Where Mass. Leaders Were When They Heard
The moment John F. Kennedy died is one that most who went into public service, and most others too, remember well.
Ask anyone of a certain age where they were fifty years ago today when they heard that John F. Kennedy had been shot, and they’ll almost always have an answer. Ask politicians of a certain age why they went into public service, and most of them will cite Kennedy’s call to “ask what you can do for your country,” in their answer. Perhaps that’s why there’s so much interest in where our leaders were when they heard.
John Kerry had been very much inspired into public service by Kennedy, a fellow Massachusetts Catholic with familiar initials. As a Massachusetts blue blood, by 1963, he had even met the president several times. Kerry was on the Yale campus when he heard, according to the Boston Globe’s biography of him:
Late during a soccer match on the Yale campus on November 22, 1963, a ripple of noise went through the crowd, growing louder by the second. News was spreading: President Kennedy had been shot. It had been just fifteen months since Kerry had gone sailing with the president.
“We were all sort of numb,” Kerry recalled. His hero, his role model, was dead. Kerry spent hours watching his small black-and-white television set in disbelief.
Then there was President Kennedy’s brother, the late Senator Ted Kennedy, who wrote about the day in his memoir:
Friday November 22 was a dull day in the Senate. I was presiding … At about twenty minutes to two in the afternoon, I heard a shout from the lobby. I glanced over to see the Senate’s press liaison officer, Richard Riedel, striding through the door to investigate. Then I saw Riedel reemerge, a strange expression on his face. He was hurrying directly toward me.
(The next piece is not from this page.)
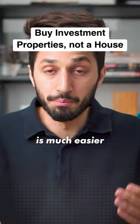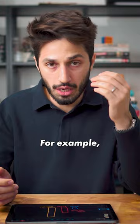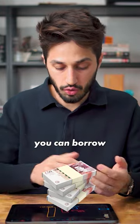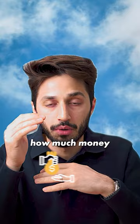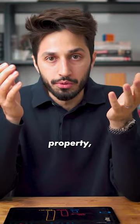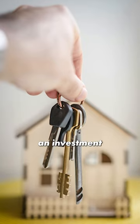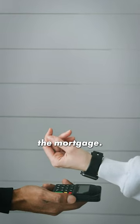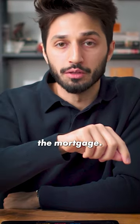The way the mortgage system works in this country is much easier to buy investment properties than it is to buy a property to actually live in. For example, if you make £30,000 a year, you can borrow £165,000 from the bank — that is your ceiling in terms of how much money you can borrow to buy a property to live in. But if you're buying an investment property, you can buy something worth £500,000. When you buy an investment property, the rent is paying the mortgage. When you buy a residential property, your income has to pay the mortgage.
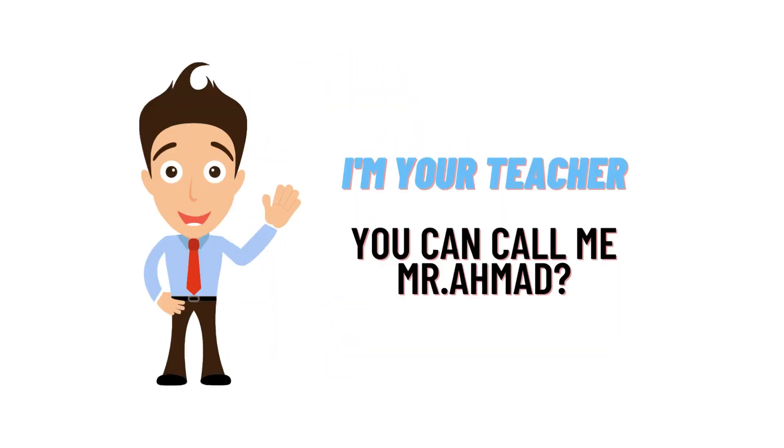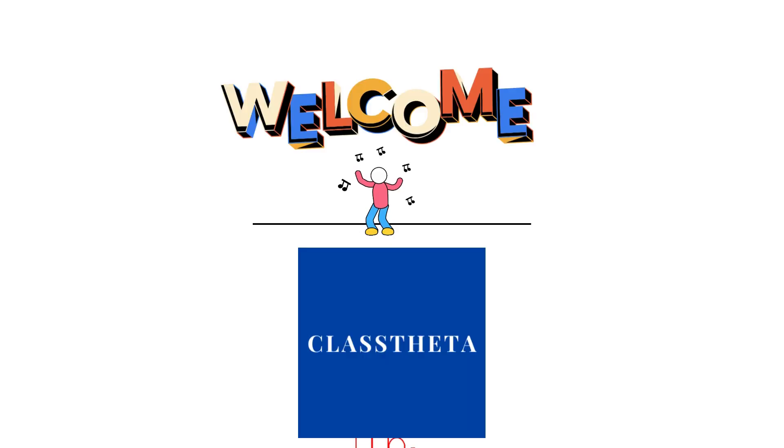Hello everybody, how are you? I am Muhammad Ahmad, your teacher here, and I will be teaching you different questions and answers. I welcome you on classtheta.com where we will be discussing questions. So let's get on the question.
The shout had come from someone who’d paused to read an Associated Press teletype machine.
“You’d better come over,” Riedel told me. He meant to the AP printer.
I followed him out of the chamber. I knew something had happened, something bad, but I had no idea what it was. We reached the machine and I watched the bulletin clatter onto the tape. The president had been shot and grievously wounded. My first overwhelming sense was disbelief. How could it be true? And then horror, as I stood there listening to the tick, tick, tick of the teletype machine. I couldn’t hear anything or anyone else. Gradually, I became aware of the voices around me. I heard someone say the president was dead.
CBS Boston asked several Massachusetts notables for their answers. Mayor Menino says he was at work in a garment factory in the South End. “We got the call and I said … I want to go home. I got on the train to Hyde Park. It was very somber on the train, and everybody just sat still, and you went home and watched the whole thing for three days after the assassination, because President Kennedy gave us a lot of hope, a lot of vitality in this country.”
Former Mayor Ray Flynn told CBS he was in the U.S. Army and was called to Washington D.C., where he stood outside the White House as they brought Kennedy’s casket in.
Deval Patrick was seven years old and like a lot of those asked, was in school. “It was the first time I ever saw my grandfather cry,” he told CBS of watching the funeral.
So too was Attorney General Martha Coakley. “I recall that the news we first got was that he had been shot. We didn’t know, of course, at that time that he had been killed. But our first response was, the whole class, we were finishing up a geography lesson, and Sister Maria Bernard said let’s say a prayer. And we did that and we left school shortly thereafter.”
Former Governor Mitt Romney was home sick that day, he tweeted.
50 yrs ago I was home sick from school as I watched the news break. Heartsick then and now for the Kennedys and for America’s loss.
— Mitt Romney (@MittRomney) November 22, 2013
And of course, with the moment now fifty years past, already we have public notables who don’t remember the moment firsthand. Barack Obama was just two years old. Mayor-elect Marty Walsh wouldn’t be born for another four years. For them, as for most Americans, it’s a moment in a history book rather than a personal recollection.